(Saved data entries)
((

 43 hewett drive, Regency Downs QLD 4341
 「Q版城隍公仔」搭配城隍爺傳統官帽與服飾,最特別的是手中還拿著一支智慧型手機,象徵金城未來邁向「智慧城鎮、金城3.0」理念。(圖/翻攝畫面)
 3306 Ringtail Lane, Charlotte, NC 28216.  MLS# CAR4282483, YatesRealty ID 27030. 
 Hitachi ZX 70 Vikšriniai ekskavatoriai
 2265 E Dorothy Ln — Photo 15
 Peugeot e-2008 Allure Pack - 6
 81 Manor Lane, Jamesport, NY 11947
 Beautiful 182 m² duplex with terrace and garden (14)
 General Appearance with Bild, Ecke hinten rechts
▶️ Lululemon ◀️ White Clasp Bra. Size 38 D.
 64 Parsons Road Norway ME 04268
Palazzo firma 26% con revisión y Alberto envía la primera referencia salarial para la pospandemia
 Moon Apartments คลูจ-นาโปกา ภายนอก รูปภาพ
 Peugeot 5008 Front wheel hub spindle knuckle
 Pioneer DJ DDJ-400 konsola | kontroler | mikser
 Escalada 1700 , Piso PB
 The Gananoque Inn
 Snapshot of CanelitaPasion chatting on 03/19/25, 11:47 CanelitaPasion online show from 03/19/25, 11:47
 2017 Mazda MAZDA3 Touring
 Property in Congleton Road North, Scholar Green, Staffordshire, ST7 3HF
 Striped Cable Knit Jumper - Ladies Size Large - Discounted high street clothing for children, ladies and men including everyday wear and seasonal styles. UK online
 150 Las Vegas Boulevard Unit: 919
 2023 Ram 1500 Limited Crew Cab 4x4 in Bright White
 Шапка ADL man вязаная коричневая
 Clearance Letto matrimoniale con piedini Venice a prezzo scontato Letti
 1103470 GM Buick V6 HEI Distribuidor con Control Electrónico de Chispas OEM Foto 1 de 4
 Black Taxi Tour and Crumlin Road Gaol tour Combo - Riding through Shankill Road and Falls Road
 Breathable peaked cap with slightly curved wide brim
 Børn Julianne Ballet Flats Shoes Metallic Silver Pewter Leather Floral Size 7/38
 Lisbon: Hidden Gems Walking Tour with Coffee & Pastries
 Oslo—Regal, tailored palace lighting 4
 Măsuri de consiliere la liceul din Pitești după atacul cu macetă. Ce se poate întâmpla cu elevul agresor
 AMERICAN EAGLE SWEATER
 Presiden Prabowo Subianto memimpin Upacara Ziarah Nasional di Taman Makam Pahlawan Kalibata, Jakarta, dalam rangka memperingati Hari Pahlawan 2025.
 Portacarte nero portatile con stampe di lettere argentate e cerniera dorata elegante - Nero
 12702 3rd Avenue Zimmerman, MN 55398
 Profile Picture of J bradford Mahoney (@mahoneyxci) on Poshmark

))

ABOUT THIS TASK -
From the line holding "Шапка ADL man вязаная коричневая" to the last line of the data above, copy every line exactly and include nothing more.

RESPONSE TO THE EXERCISE -
 Шапка ADL man вязаная коричневая
 Clearance Letto matrimoniale con piedini Venice a prezzo scontato Letti
 1103470 GM Buick V6 HEI Distribuidor con Control Electrónico de Chispas OEM Foto 1 de 4
 Black Taxi Tour and Crumlin Road Gaol tour Combo - Riding through Shankill Road and Falls Road
 Breathable peaked cap with slightly curved wide brim
 Børn Julianne Ballet Flats Shoes Metallic Silver Pewter Leather Floral Size 7/38
 Lisbon: Hidden Gems Walking Tour with Coffee & Pastries
 Oslo—Regal, tailored palace lighting 4
 Măsuri de consiliere la liceul din Pitești după atacul cu macetă. Ce se poate întâmpla cu elevul agresor
 AMERICAN EAGLE SWEATER
 Presiden Prabowo Subianto memimpin Upacara Ziarah Nasional di Taman Makam Pahlawan Kalibata, Jakarta, dalam rangka memperingati Hari Pahlawan 2025.
 Portacarte nero portatile con stampe di lettere argentate e cerniera dorata elegante - Nero
 12702 3rd Avenue Zimmerman, MN 55398
 Profile Picture of J bradford Mahoney (@mahoneyxci) on Poshmark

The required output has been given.